A fellow sysadmin was looking to free up some much needed disk space. Since it was purely a production machine I suggested that he go through and "strip" his binaries. Unfortunately I made the assumption that he knew what strip does and would use it wisely -- flashes of the Bad News Bears come to mind now. To make it short, he stripped /vmunix which didn't destroy the system, but certainly caused some interesting problems.
I heard this from a fellow sysadmin friend. My friend was forced to work with some sysadmins who didn't have their act together. One day, one of them was "cleaning" the filesytem and saw a file called "vmunix" in /. "Hmm, this is taking up a lot of space - let's delete it". "rm /vmunix".
My friend had to reinstall the entire OS on that machine after his coworker did this "cleanup". Ahh, the hazards of working with sysadmins who really shouldn't be sysadmins in the first place.
Moral of all these stories: if I had to hire a Unix sysadmin, the first thing I'd look for is experience. NOTHING can substitute for down-to-earth, real-life grungy experience in this field.
hirai@cc.swarthmore.edu (Eiji Hirai) writes:
[story about "deleting /vmunix to save space" deleted - to save space! -ed.]
When this happened to a colleague (when I worked somewhere else) he restored vmunix by copying from another machine. Unfortunately, a 68000 kernel does not run very well on a Sparc...
hirai@cc.swarthmore.edu (Eiji Hirai) writes:
[story about "deleting /vmunix to save space" deleted - to save space! -ed.]
Hmm. A colleague of mine did much the same by accident on one of our test machines. After discovering it, fortunately while the machine was still up & running, he FTPed a copy of /vmunix from the other lab system (both running exactly the same kernel).
After rebooting his machine everything (to his relief) worked fine.
At one place where I worked, someone had set up cron to delete any file named "core" more than a few days old, since disk space was always tight and most users wouldn't know what core files were or care about them. Unfortunately not everyone knew about this and one user lost a plain text file (a project proposal) he'd spent a one lot of time working on because he called it "core". This was around 1976, when Unix was still considered exotic and before bookstores carried entire sections of Unix books.
This one qulaified for Stupid Act of the Month:
All this happened on my sparcII...
I was making room on / because I needed to to test run something (which was using a tmp file in, of all places, /var/tmp. I could have recompiled the application to use more memory and/or /tmp, but I'm too lazy for that), so I figure "I'll just compress this, and this, and this..." One of those "this'" was vmunix.
Well, of course the application crashes the machine, and stupid me had forgotten that I'd compressed vmunix, so the damn thing won't boot. checksum: Bad value or some such error. Took me most of the day to figure out just what I'd done to the dang thing. 8)
Moral(s):
Well, talk about horror stories... We have a DataGeneral Aviion machine where I work at. I was doing regular admin tasks on it and decided, logged in as root, to clean /tmp... (I can already see you laughing there!). So, as usual, I typed "cd / tmp" then "rm *" as I was placed in / when the dreaded rm was entered... My root directory was erased...

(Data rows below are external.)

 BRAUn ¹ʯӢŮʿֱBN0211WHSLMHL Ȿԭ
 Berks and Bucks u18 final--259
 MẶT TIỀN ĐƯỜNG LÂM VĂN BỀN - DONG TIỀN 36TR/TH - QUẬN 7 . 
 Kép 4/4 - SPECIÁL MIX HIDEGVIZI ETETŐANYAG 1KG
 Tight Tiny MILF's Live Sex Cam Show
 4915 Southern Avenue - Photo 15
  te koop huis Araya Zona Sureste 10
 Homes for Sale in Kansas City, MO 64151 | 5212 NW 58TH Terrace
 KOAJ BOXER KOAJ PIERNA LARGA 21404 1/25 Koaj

I realized my error fast enough... So, since I had deleted the kernel, and the administration kernels (that both reside in /), I had to recreate a new kernel. Luckily for me, DG/UX allows to recreate one "on the fly", using parameters of the running kernel (in memory!)... So I did, and then rebooted.

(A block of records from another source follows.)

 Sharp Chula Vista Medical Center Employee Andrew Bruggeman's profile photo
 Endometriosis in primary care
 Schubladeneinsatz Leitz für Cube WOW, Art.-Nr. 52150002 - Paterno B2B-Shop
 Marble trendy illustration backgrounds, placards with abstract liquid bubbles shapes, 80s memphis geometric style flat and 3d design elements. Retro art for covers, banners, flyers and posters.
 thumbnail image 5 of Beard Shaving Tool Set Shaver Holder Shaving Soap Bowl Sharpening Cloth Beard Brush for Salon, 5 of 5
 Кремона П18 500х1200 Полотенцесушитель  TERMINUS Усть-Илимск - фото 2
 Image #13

Things started getting bad when I still couldn't work on my machine, logins didn't work (No Shell messages...)... Until I could access the /etc/passwd file using a trojan shell through an NFS mounted directory, and great a root account whose shell was not /sbin/sh...

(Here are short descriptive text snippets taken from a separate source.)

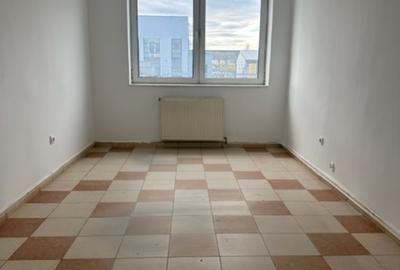ZONA MARGEANULUI clădire birouri, finisată complet de la 10mp la 25mp! - 7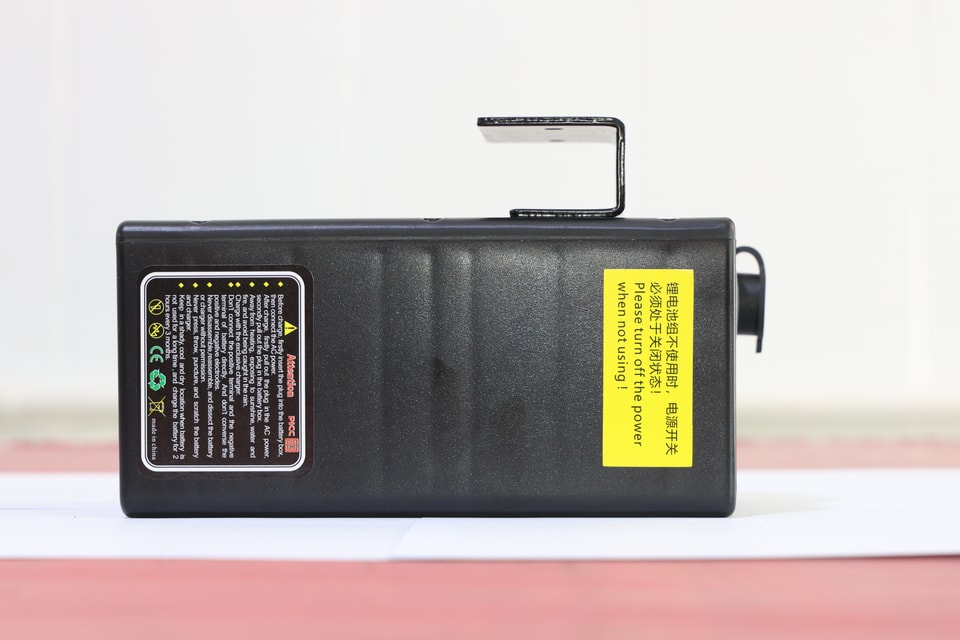 5F5A9706.jpg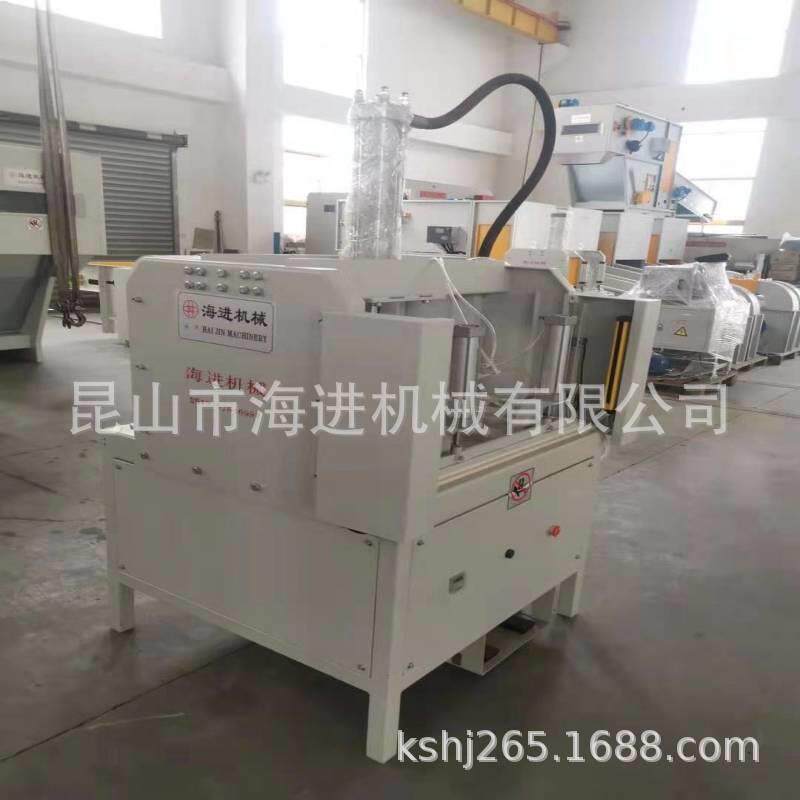 厂价直售HJFK-枕芯包装机,枕芯真空压缩机压缩毛毯靠垫抱枕枕芯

On a DG, /sbin and /bin are both links to /usr/sbin... The links were killed when I did my "rm"...
Several months ago here, we were reoganizing our disk space on an RS/6000 with AIX 3.1. I have done this many time before, but for some reason, I was rushing through expanding a file system. Instead of entering the new file system size where it belongs, I entered it into the mount point. It also turns out that I was attached 2 levels down in the file system. Since the size was entered as a number ('234567') and was INTERPRETED as a mount point directory, the result was a circular hard link that basicly left the file system unusable. IBM was not able to help, and we had done quite a bit of work that day, we had to somehow recover some of the stuff. We ended up doing a dd of the raw volume, and the read it back in a couple MB at a time and extracted the pieces that we needed for the mess.
The other day while reading Stevens new book, "Advanced Programming in the UNIX Environment", he stated that he had done the exact same thing durring the preparation of his book. At least I am not alone.....
Just so nobody get the impression that you can only screw up U**X systems....
Several years ago I was sysadmin for the department's VAX/VMS system. One day, trying to free up some space on the system disk, I noticed there were a bunch of files like COBRTL.EXE, BASRTL.EXE etc. - i.e. the Cobol, Basic, etc. run-time libraries. Since the only language used was Fortran, I nuked them.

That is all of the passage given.